No one will understand my strange contentment, then; I had been full of an obscure happiness from the moment I came to this house. Probably a mere coincidence, but that did not detract from my satisfactory state of mind; I was pleased with everything, and all things added to my cheerful frame of mind. There were some pigs by the barn, very affectionate pigs, because they were used to the children playing with them and kissing them and riding on their backs. And there was one of the goats, up on the roof of course, standing so far out along the edge that it was a wonder he didn't grow dizzy. Seagulls flew criss-cross over the fields, screaming their own language to one another, and being friends or enemies to the best of their ability. Down by the mouth of the river, just beneath the sunset, began the great road that winds up through the woods and the valley. There is something of the friendliness of a living being about such a forest road.
Eilert was going out in his boat to fish haddock, and I went with him. Actually he should have been getting some meat for us; but he had promised the gentry from the city some fish, and fish was one of the gifts of God. Besides, if he lacked meat, he could always slaughter one of the pigs.
There was a slight wind; but then we wanted some wind, Eilert said, as long as there was not too much of it.
"Not reliable tonight though," he said, looking up into the sky; "the bigger the wind, the stronger the current."
At first I was very brave, and sat on the thwart thinking of Eilert's French words:travali, prekevary, sutinary, mankémang, and many others. They've had a long way to travel, coming here by ancient routes via Bergen, and now they're common property.
And then suddenly I lost all interest in French words, and felt extremely ill.
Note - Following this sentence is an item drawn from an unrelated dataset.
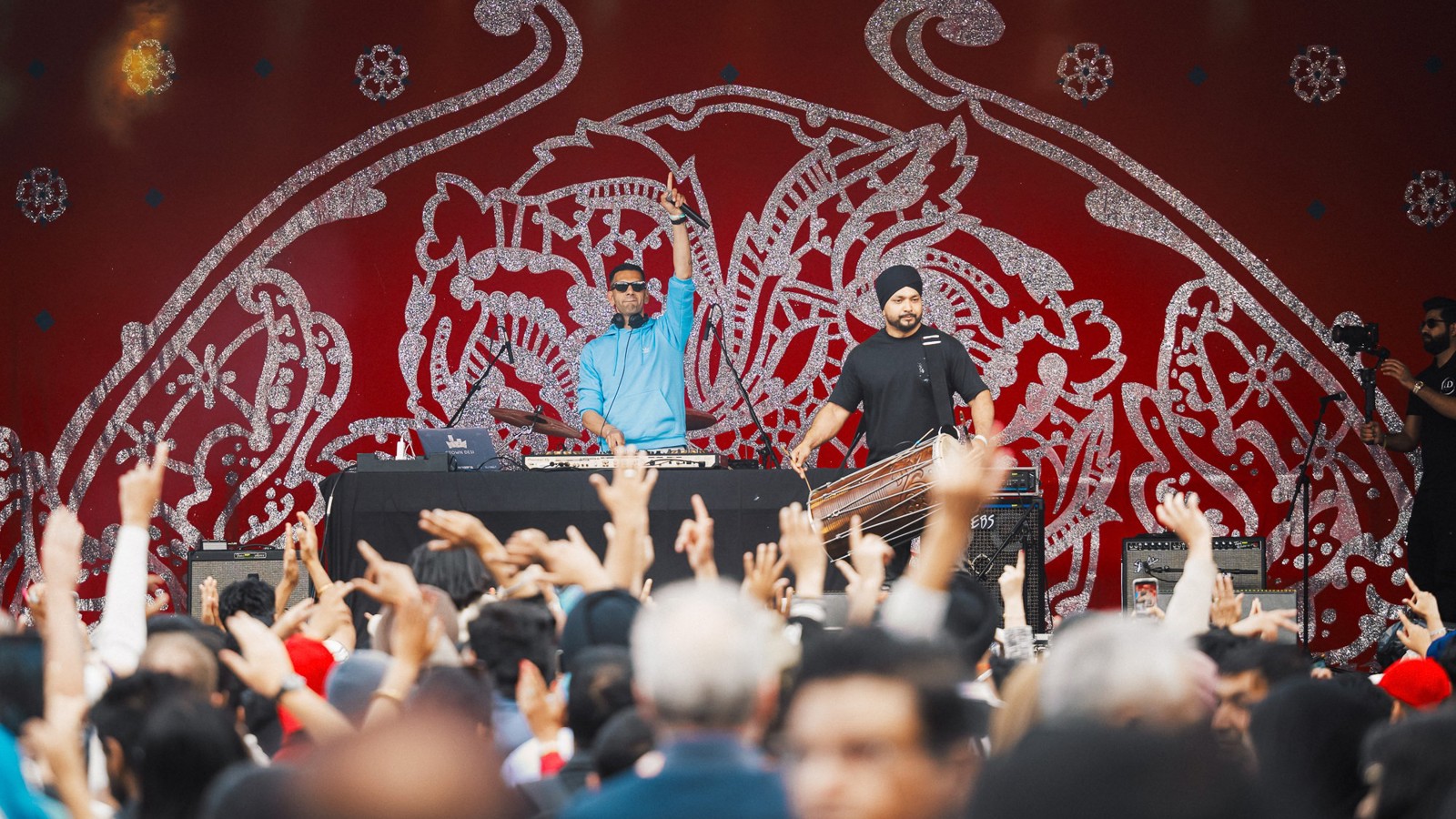 Musicians perform in front of a large crowd waving their hands in the air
It was much too windy, and we got no haddock.
"Pity she's come up so quick," said Eilert; "let's try inshore for a while."
But we got nothing there either, and as the wind increased and the sea rose, "We'd better go home," said Eilert.
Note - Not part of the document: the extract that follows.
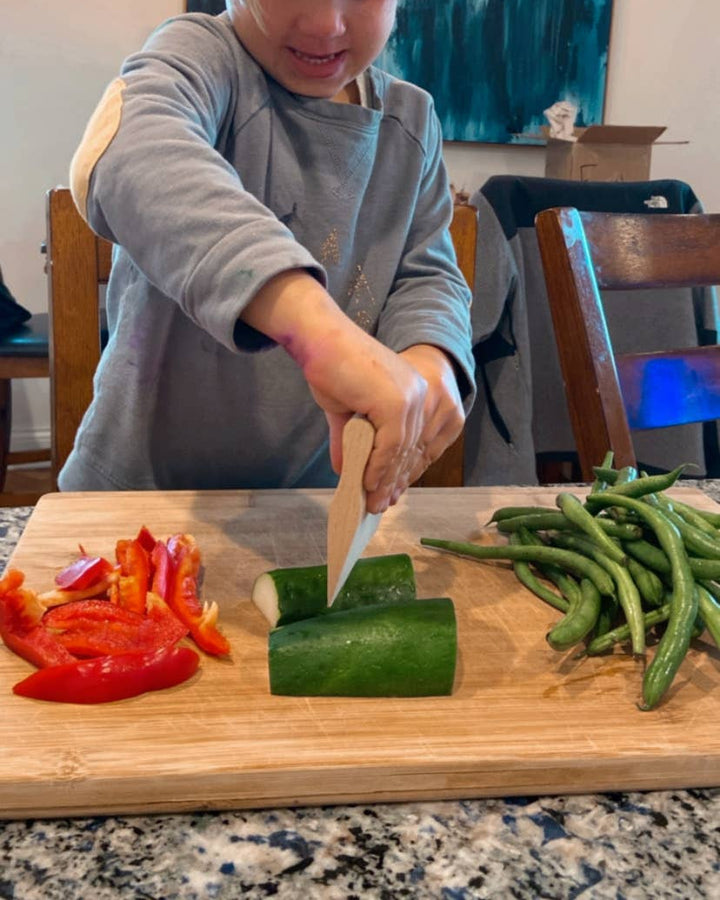Child cutting vegetables using a wooden paddle knifen on a wooden cutting board in a kitchen.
The sea had been just right before, remarkably so, but now there was entirely too much of it. Why on earth did I feel so bad? An inner exhaustion, some emotional excitement, would have explained it. But I had experienced no emotional excitement.
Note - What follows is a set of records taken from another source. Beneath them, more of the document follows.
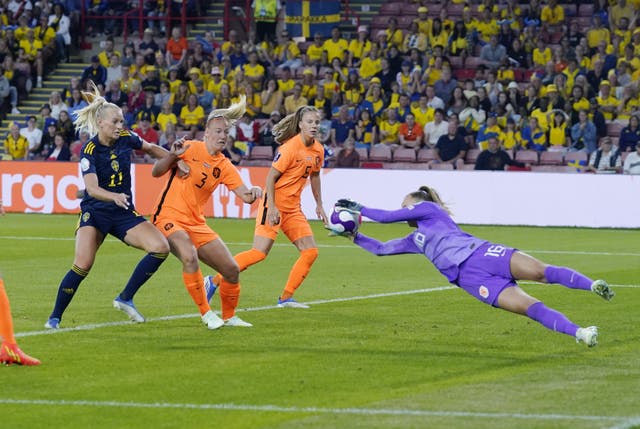 Daphne van Domselaar, right, dives to cut out Johanna Rytting Kaneryd’s cross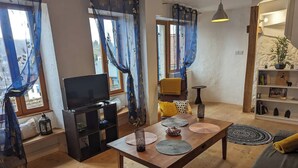 Una sala de estar con una mesa de madera, sofá y televisor.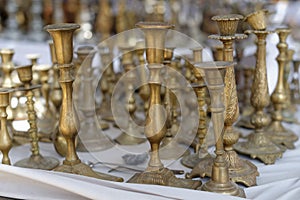 Vintage brass candlesticks at a flea market photo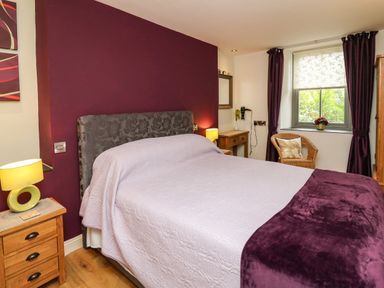 A bedroom with a bed bedside tables two lamps a wicker chair a window with curtains and a desk at Nevern House in Newport Pembrokeshire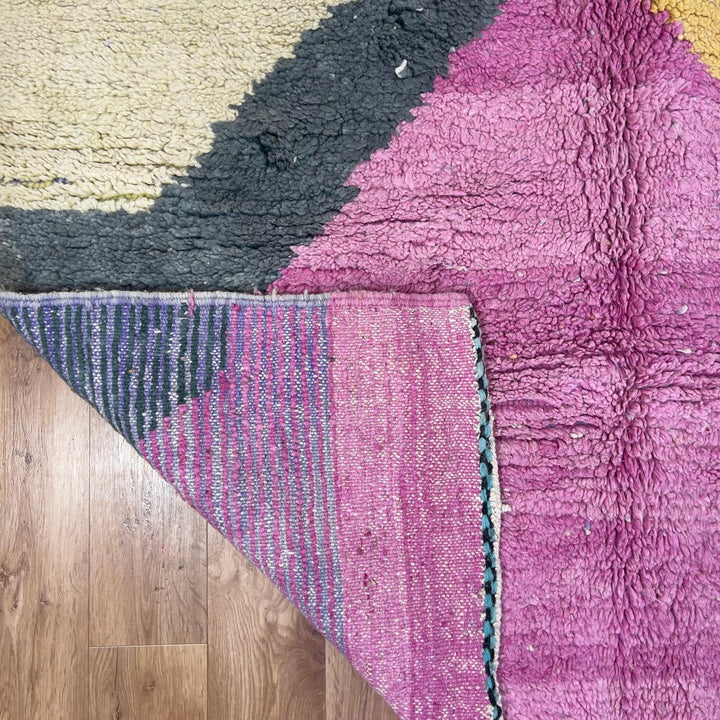 Vintage Moroccan wool rug in vibrant pink with geometric Berber patterns in mustard, beige, and charcoal, handmade shag rug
We rowed in the foam and feathery jets of spray. "She's rising fast!" cried Eilert, rowing with all his might.
I felt so wretched that Eilert told me to ship my oars; he would manage by himself. But for all my wretchedness, I remembered that they could see me from the shore, and I would not put down my oars. Eilert's wife might see me and laugh at me.
What a revolting business, this seasickness that forced me to put my head over the gunwale and make a pig of myself! I had a moment's relief, and then it began all over again. Charming! I felt as though I were in labor; the wrong way up, of course, through my throat, but it was a delivery nonetheless. It moved up, then stopped, came on again and stopped, came on and stopped once more. It was a lump of iron--iron, did I say? No, steel; I had never felt anything like it before; it was not something I was born with. All my internal mechanism was stopped by it. Then I took a running start far down inside me and began, strangely, to howl with all my strength; but a howl, however successful, cannot break down a lump of steel. The pains continued. My mouth filled with bile. Soon, thank heaven, my chest would burst. O--oh--oh.... Then we rowed inside the islands that served as a breakwater, and I was saved.
Quite suddenly I was well again, and began to play the clown, imitating my own behavior in order to deceive the people ashore. And I assured Eilert, too, that this was the first time I had ever been seasick, so that he should understand it was nothing to gossip about. After all, he had not heard about the great seas I had sailed without the slightest discomfort; once I had been four-and-twenty days on the ocean, with most of the passengers in bed, and even the captain sick in cascades; but not me!
"Yes, I get seasick sometimes, too," says Eilert.
That evening I sat eating alone in the dining room. Since we had not brought back any haddock, the visitors upstairs had no desire to come down. All they wanted, Eilert's wife said, was some bread and butter and milk to be sent up.